§ **TASK STATEMENT**:
Any picture must be dropped, but each line of the data should be duplicated exactly.

*** Opening DATA FOR PROCESSING ***

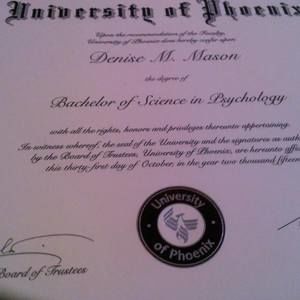 Meet your Posher, Denise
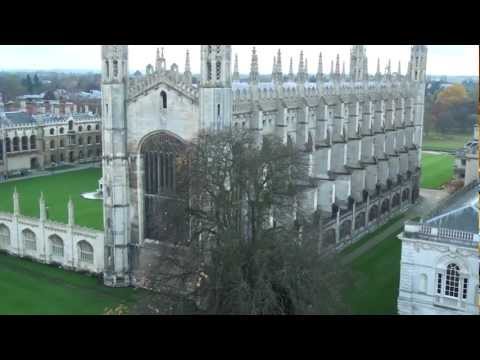 Video: ❶ Cambridge: Historien Om Et Berømt Universitet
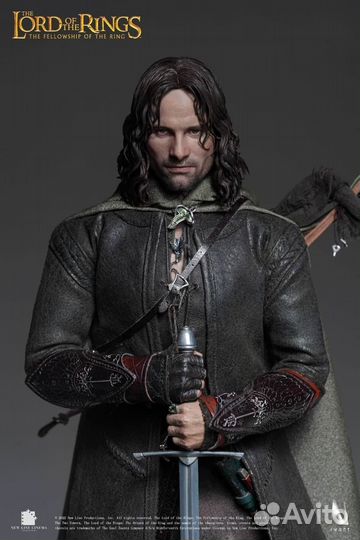 Inart Aragorn Premium Standard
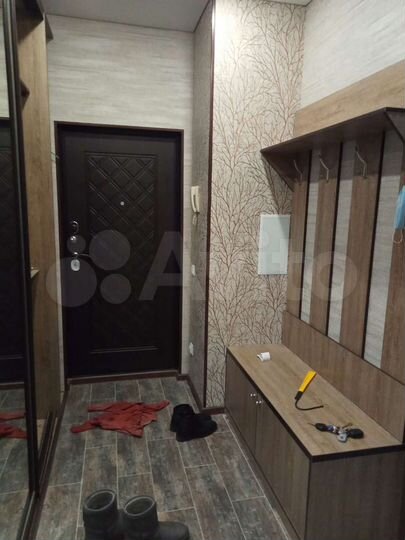 2-к. квартира, 72 м², 6/17 эт.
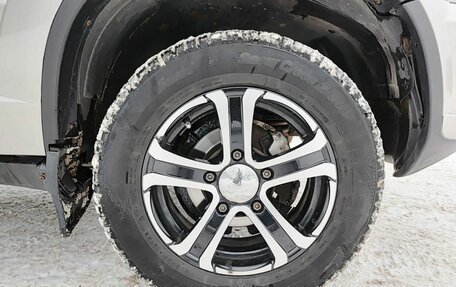 Chevrolet Niva I рестайлинг, 2011 год, 449 000 рублей, 22 фотография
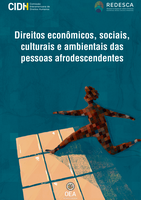 Capa relatório CIDH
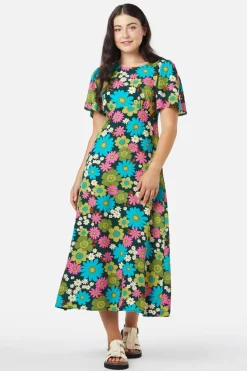 Women Princess Highway Dresses & Pinafores*Pattie Floral Maxi Dress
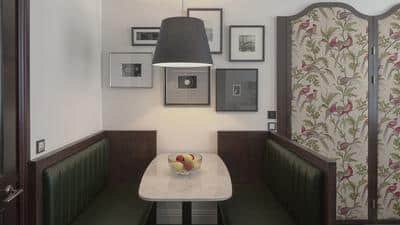Luxury One Bedroom Apartment
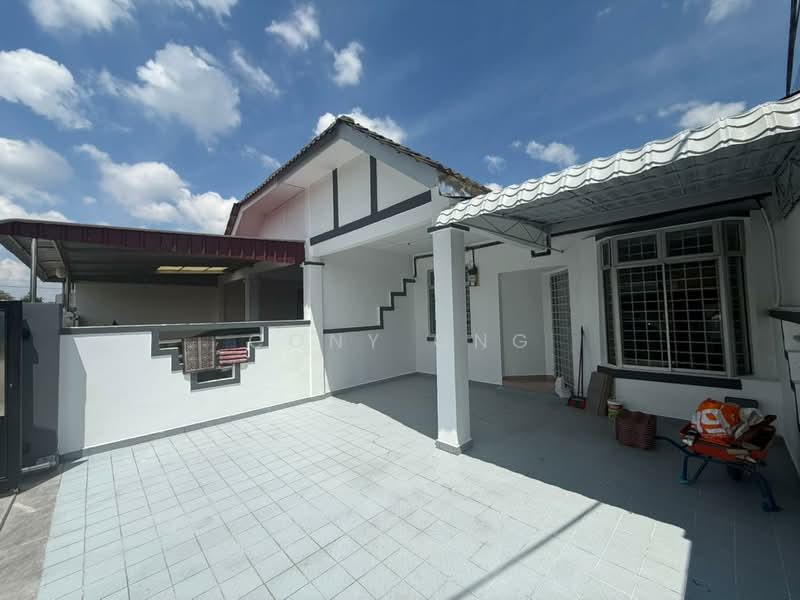1-storey Terraced House for Sale in Taman Universiti (Skudai) - Cony Ong - Exterior - PropertyGuru.com.my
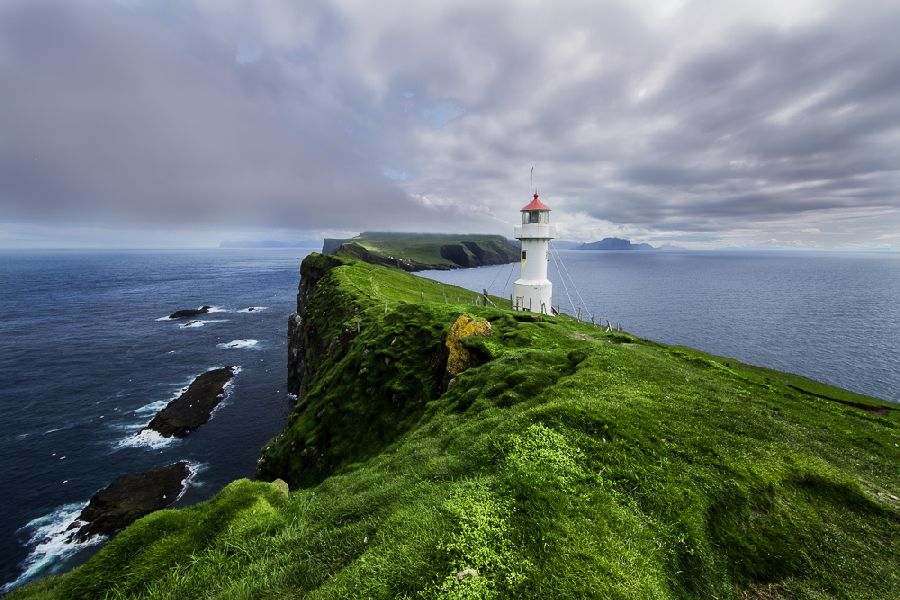 Mykines Puffin Island dagexcursie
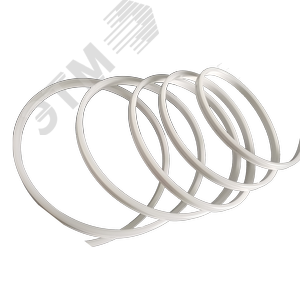 Изображение товара Лента светодиодная НЕОН 24V PFN-02 2835/120 6000K холодный белый12X6mm IP65 /5m/ (шт)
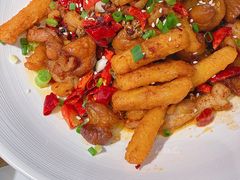 肥肠霸道辣子鸡-新太二·鲜料川菜(晶耀前滩店)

*** Closing DATA FOR PROCESSING ***

§ **RESPONSE**:
 Meet your Posher, Denise
 Video: ❶ Cambridge: Historien Om Et Berømt Universitet
 Inart Aragorn Premium Standard
 2-к. квартира, 72 м², 6/17 эт.
 Chevrolet Niva I рестайлинг, 2011 год, 449 000 рублей, 22 фотография
 Capa relatório CIDH
 Women Princess Highway Dresses & Pinafores*Pattie Floral Maxi Dress
Luxury One Bedroom Apartment
1-storey Terraced House for Sale in Taman Universiti (Skudai) - Cony Ong - Exterior - PropertyGuru.com.my
 Mykines Puffin Island dagexcursie
 Изображение товара Лента светодиодная НЕОН 24V PFN-02 2835/120 6000K холодный белый12X6mm IP65 /5m/ (шт)
 肥肠霸道辣子鸡-新太二·鲜料川菜(晶耀前滩店)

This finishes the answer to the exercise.